In the closing days of the trial, under pressure from his superiors, Scanlon presented two women who testified that they believed they had been discriminated against by Sears.
Heart of the Case
Despite their testimony, the heart of the EEOC’s case remains statistical: While 60% of applicants for sales jobs at Sears from 1973 to 1980 were women, about 27% of the persons hired were women. In 1972, before Sears began an affirmative-action plan, 9.9% of such jobs went to women.
The EEOC’s study of the women applying for the jobs also found that 40% of them had experience in the type of sales job they sought.
The government is also charging Sears with not promoting women on its sales staff to commissioned sales jobs, which are potentially more lucrative. One Sears commissioned salesman testified that he earned about $175,000 a year.
The EEOC also contends that 72% of Sears noncommissioned sales staff was female but that fewer than half of the promotions to commissioned sales jobs--about 40%--went to women.

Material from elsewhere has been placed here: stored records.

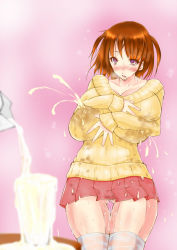 Rule 34 | !?, 1girl, blush, breast expansion, breast hold, breasts, brown eyes, brown hair, covered erect nipples, glass, huge breasts, lactation, lactation through clothes, milk, milk carton, short hair, skirt, solo, surprised, sweater, thigh gap, thighhighs, zettai ryouiki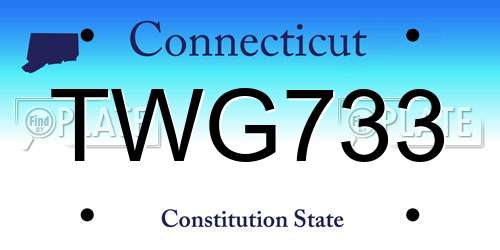 TWG733 Connecticut License Plate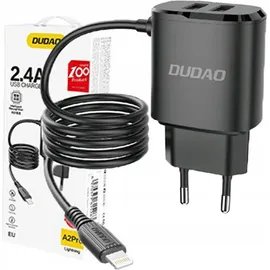 DUDAO 2x USB Ladegerät mit Lightning Kabel Schwarz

Sears has responded with testimony from economists, and with polls showing that women were not interested in commissioned sales jobs, which often are in fields such as house siding, plumbing and auto parts.
Unequal Interest
“Statistics can be helpful in the proof of some lawsuits,” said Charles Morgan, the former head of the Washington office of the American Civil Liberties Union who now represents Sears. “(The statistics) must relate to the real world, however, and have relevance to what it is that is being measured. Men and women are not equally interested in selling men’s clothes and women’s clothes. Men and women are not equally interested in selling drapes, plumbing, heaters, auto parts and truck tires.”
The legal fight has generated animosity between Sears’ senior managers and the EEOC. According to both sides, Sears officials have not wanted to settle the case but would rather defeat the EEOC and “celebrate”--a Sears official’s word--in return for being dragged by the EEOC through a decade of charges of racial and sex discrimination.
The animus between the two sides spilled into public light in 1979 when Sears filed suit against the federal government, charging it with creating a work force dominated by white males and thereby forcing Sears to hire white males. Sears said the government created that white male work force with veteran’s preferences and GI bill benefits. It contended that Social Security and welfare payments induced women not to work. It charged that federal age-discrimination laws had slowed the exit of white men from the company and thus the entrance of women and minorities.
The suit was dismissed.
On the Offensive
Since the Reagan Administration took office, Sears has been on the offensive. The government has backtracked on race-discrimination charges filed against Sears during the Carter years. In that settlement, the government agreed to allow Sears to avoid all back payments for victims of Sears’ alleged practice of “restricting blacks and Spanish-surnamed Americans to lower-paying, less desirable jobs,” and not hiring minorities.
Although Sears settled that suit, it has allowed the sex discrimination charges to drag on.
“They don’t want to settle,” said an EEOC official. “They want to win and they want to rub our noses in it.”
Sears officials note that they have had an affirmative-action plan requiring that women and minorities fill one of every two job openings--a quota--at the same time that the Reagan Administration is suing to halt the use of quotas around the nation.
“They are fighting us over discrimination but they wouldn’t even use a plan as strong as ours to do the job,” said a Sears official. “Now that’s hypocrisy.”